La R.N.396 de 1959 remonte la vallée de l’Aube, entourée par les bois de la forêt de Clairvaux. L’industrie métallurgique était très présente dans cette région, à l’image des Forges-Saint-Bernard (fondées au XIIe siècle), qui exploitaient un minerai de fer d'une faible teneur, facile à ouvrager grâce aux importantes ressources locales en bois et en eau. Un peu plus loin, après le confluent de l’Aube et de l’Aujon, se trouve l’ancienne abbaye de Clairvaux (fondée en 1115 par saint Bernard), et devenue institution pénitentiaire en 1808. Au coeur du XIIe siècle, «l'abbaye est bientôt à la tête d'un riche patrimoine foncier constitué de vignes, forges, champs, mines de sel et forêts. Loin de fonctionner en autarcie, son emplacement le long de la route des foires de Champagne la met au cœur des circuits commerciaux de son temps», nous dit Wikipédia. Une ligne droite de trois kilomètres nous emmène à Ville-sous-la-Ferté. De là, et jusqu’à Gevrolles, la route «fait» une dizaine de kilomètres dans le département de la Haute-Marne. On passe au large des villages de Silvarouvres, Dinteville et Lanty. Voilà Gevrolles, en Côte d’Or. De 1846 à 1864, il y avait là une bergerie nationale qui a essayé de sélectionner une race de moutons à haut rendement lainier (Wikipédia)... Plus au sud, Montigny-sur-Aube, a une histoire industrielle ancienne: un ouvrage de René Paris y mentionne un haut-fourneau, probablement le plus ancien de la région, au XIIIe siècle débutant. Outre plusieurs châteaux, on y admire les ponts de l'Abattoir datés du XVIIIe siècle (sur la D22D). La route traverse maintenant la plaine de la Vieille-Ville et coupe la R.N.65 historique (de Neufchâteau à Bonny-sur-Loire) peu après le hameau de Souhy. Ici, en décembre 1829, une modification de l’ordonnance royale du 5 juillet 1826 (citée plus haut), dirigera la route vers Dijon non plus par Châtillon-sur-Seine, mais par Louesme, Voulaines, Essarois, Saint-Broing, Molay et Messigny. La carte d’état-major du XIXe publiée par le Géoportail en montre d’ailleurs le projet tracé de pointillés vers Louesme, un bourg fondé au XIe siècle. Là, notre voie croise «l’ancienne voie romaine de Langres à Tonnerre» visible sur la carte topographique de l’IGN.
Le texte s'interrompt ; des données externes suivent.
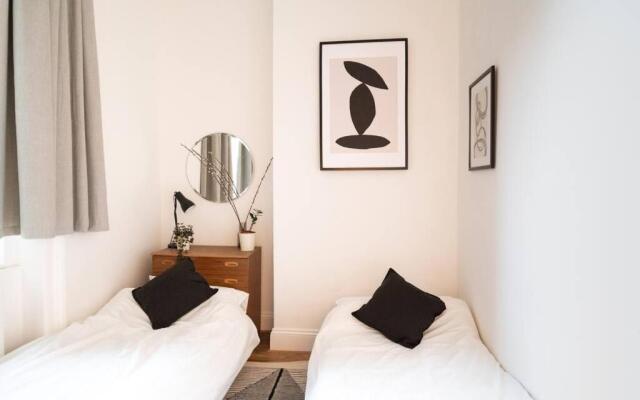 Spacious 2 bedroom sea view flat. Sleeps 6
On entre dans la forêt domaniale du Bois-aux-Moines, partie de l’immense forêt de Châtillon. Notre chaussée, voit-on sur la carte d’état-major (XIXe) du Géoportail, suit la «Grande Tranchée de Voulaine», dite «route de Vitry». Mais, au-dessus de Voulaines et de Leuglay, cette même carte ne montre plus que des chemins. Celle au 1:80 000 de 1843 publiée par CartoMundi indique la voie Louesme-Leuglay en pointillés, donc en travaux… Vers Montmoyen, il n’y a rien… Par contre, la carte au 1:200 000 (1881) du même site dessine bien la route de Dijon au départ de Leuglay. On doit donc considérer que la réalisation de cette chaussée (route départementale n°11) n'est pas une oeuvre du début du XIXe siècle… A Leuglay, on traverse l’Ource pour remonter la vallée de la Digeanne en direction de Saint-Broing-les-Moines. Ici, la R.N.396 historique de 1959 longe le village d’Essarois, puis celui de Montmoyen. Au niveau de ce dernier village, on note, sur la carte d’état-major du XIXe siècle publiée par l’IGN, que la chaussée y est réalisée sur quelques hectomètres… C’est aussi de là, que partait sur la gauche, en direction de Recey, sans doute aucun, une des très rares routes nationales jamais bitumées de France, la R.N.454!! On passe autour de Saint-Broingt-les-Moines par le lieu-dit le Mont. Un article de Marie-Claude Pingaud consacré en 1968 au village de Minot, tout proche, évoque «la route nationale à faible circulation qui relie Dijon à Montigny-sur-Aube (...) dont le tracé fut défini en 1836». L’auteure souligne le dépit des habitants de l’époque à voir leur village mis à l’écart de la route principale… Elle rappelle également le passé industrieux de la région, avec des mines exploitées jusqu’au Moyen Age. Après Larçon, notre voie croise la départementale 19 et longe (sans le voir) le site du CEA du Valduc créé en 1957. On entre dans la vaste forêt domaniale du Moloy.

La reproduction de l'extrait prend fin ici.